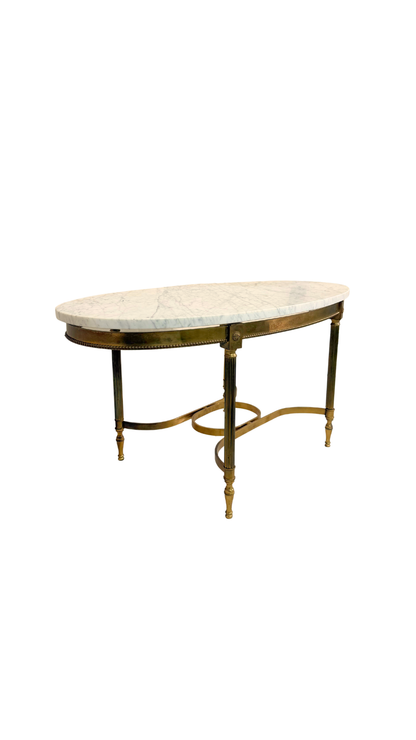 French Oval Marble-Top Brass Center Table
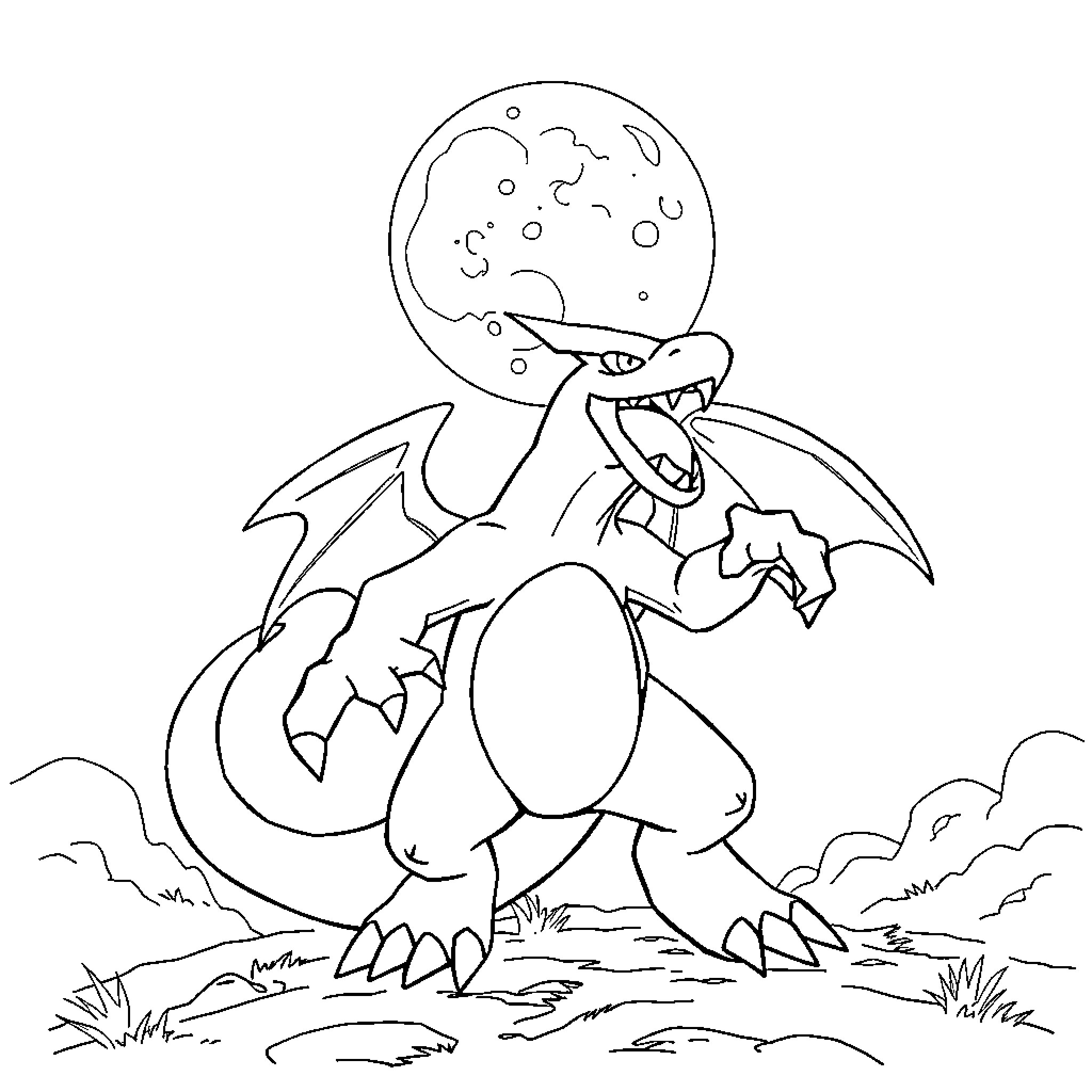 Garchomp soaring through the skies Coloring Page (free black-and-white line drawing printable PDF for all, from beginners to advanced learners, including children, teens, adults, and seniors)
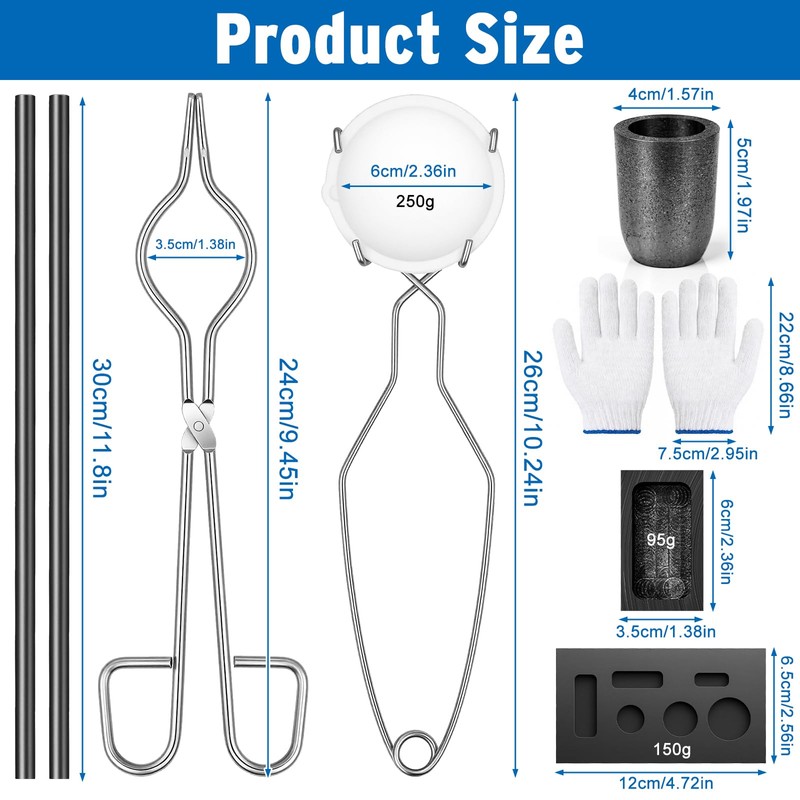 Hysagtek 9 Pcs Crucibles for Melting Metal Kit - Graphite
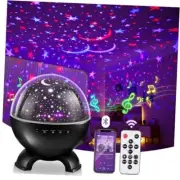 Kids Night Light Projector for Kids Room,15 White Noise+15 Black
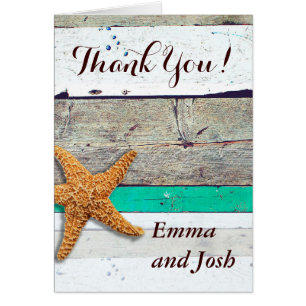 Thank You Cards Beachy Wedding Template Customise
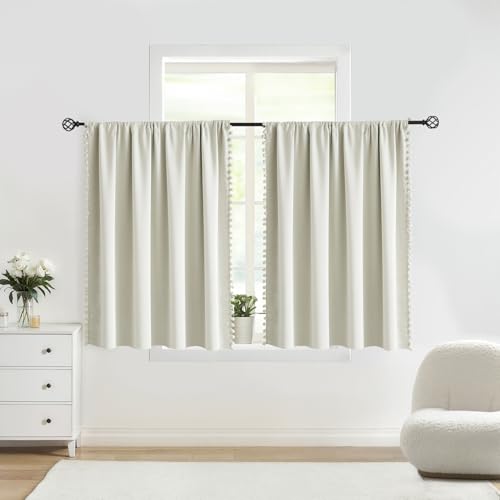 Image of Treatmentex Pompom Blackout Window Curtain Panels Natural Ivory Full Blackout Curtains for Bedroom Basement Small Windows 52 inch W x 45 inch L 2 Panels Rod Pocket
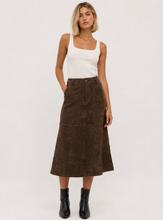 Load image into Gallery viewer, MOSS GROTTO: FLORENCE FAUX SUEDE SKIRT - CHOCOLATE
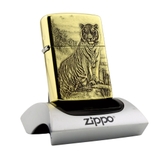 Zippo Hổ Ngọa Sơn Cọp Đứng Trên Núi Đồng Nguyên Khối Vỏ Dày | Made In USA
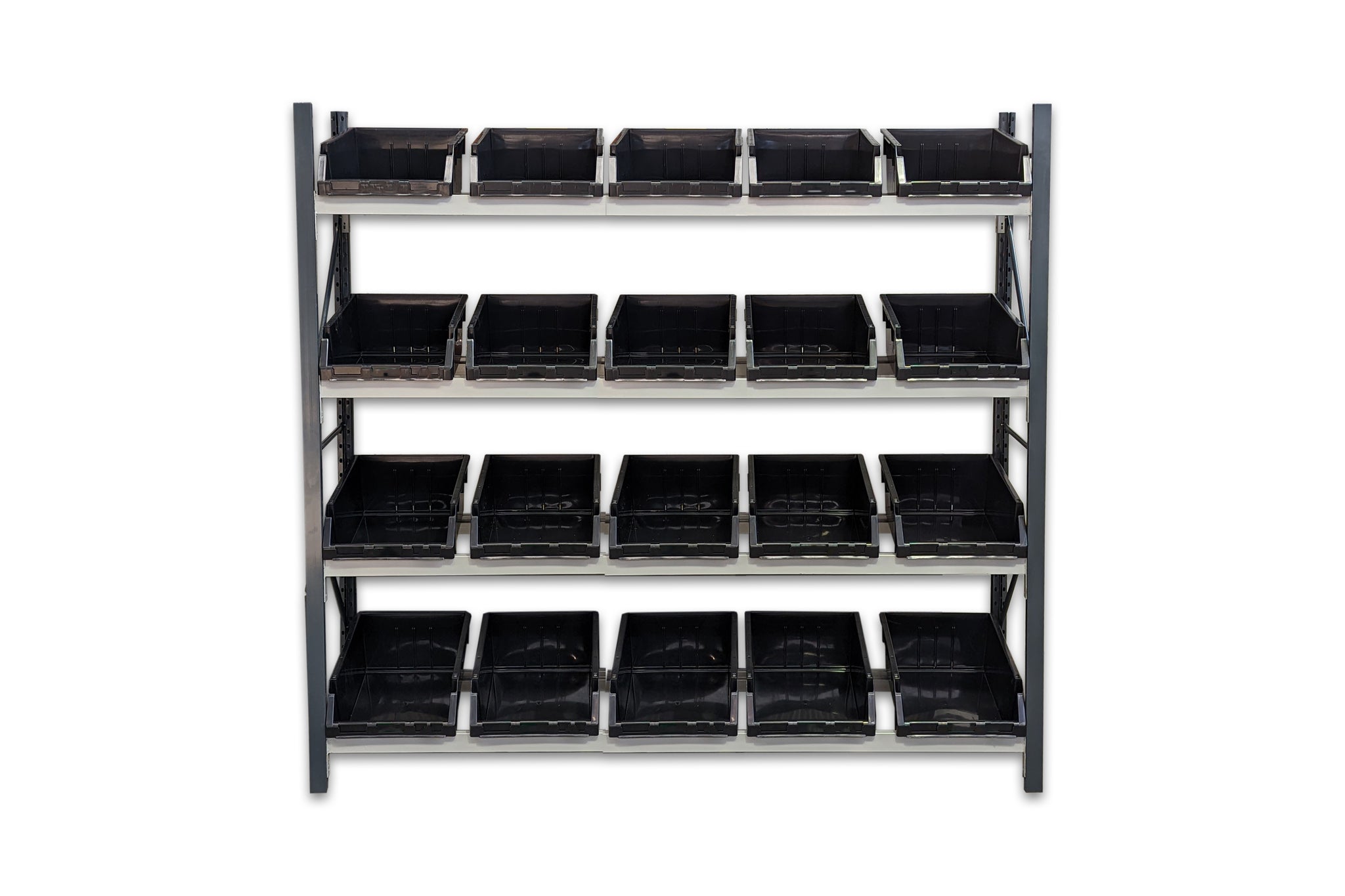 Storage Rack In Container 4 Rack Stormor Premium Longspan Container Rack with Plastic Bins - Stormor ...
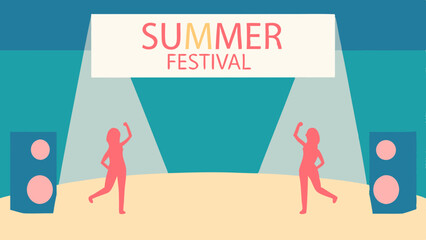 Summer festival event with people dancing by the sea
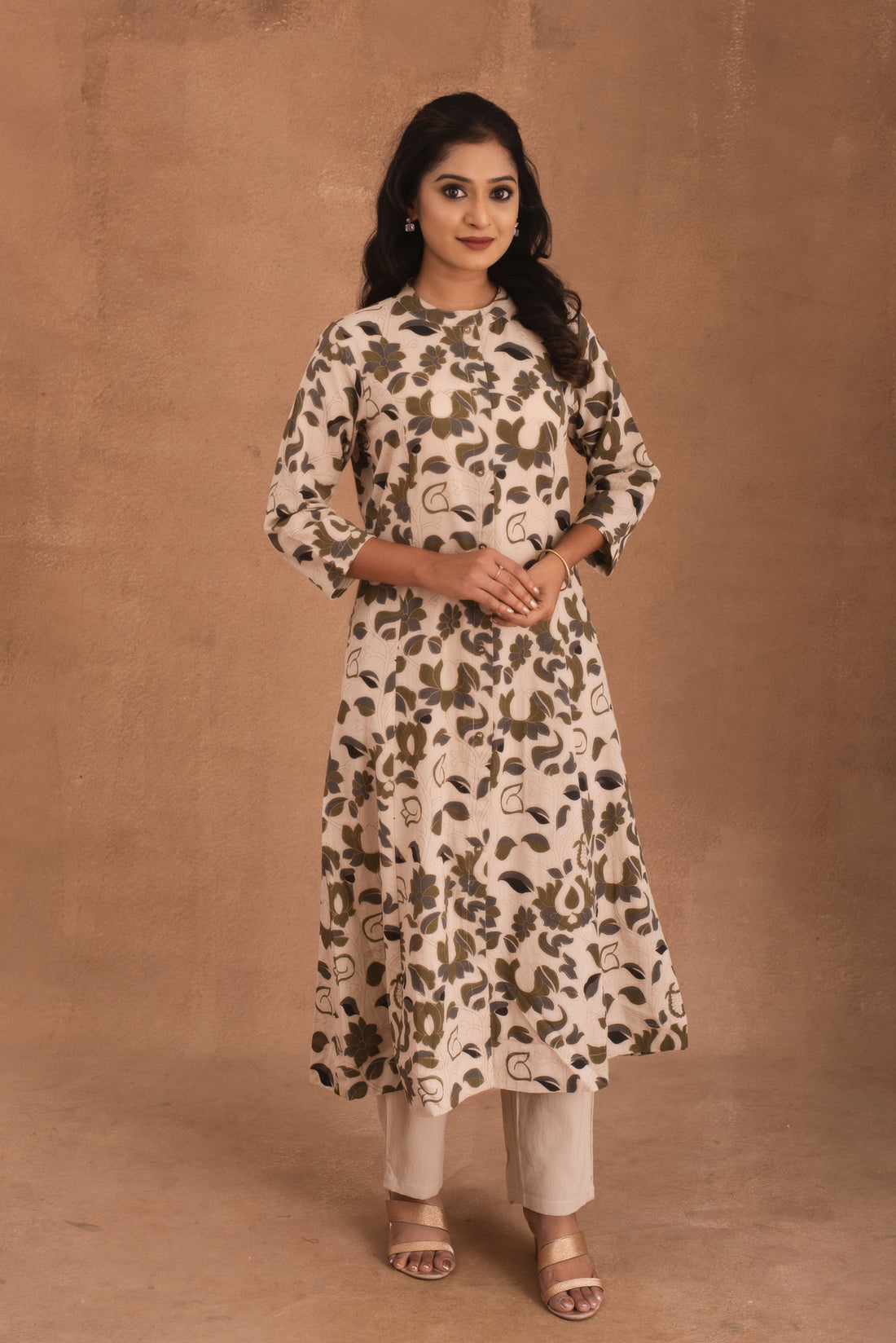 Floral Harmony Beige A-Line Kurti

·····

THE PROBLEM: Once the line containing "Summer festival event" is located, write out exactly that line and each one after it to the end of the records above, excluding pictures and nothing else.

FINAL ANSWER:
 Summer festival event with people dancing by the sea
 Floral Harmony Beige A-Line Kurti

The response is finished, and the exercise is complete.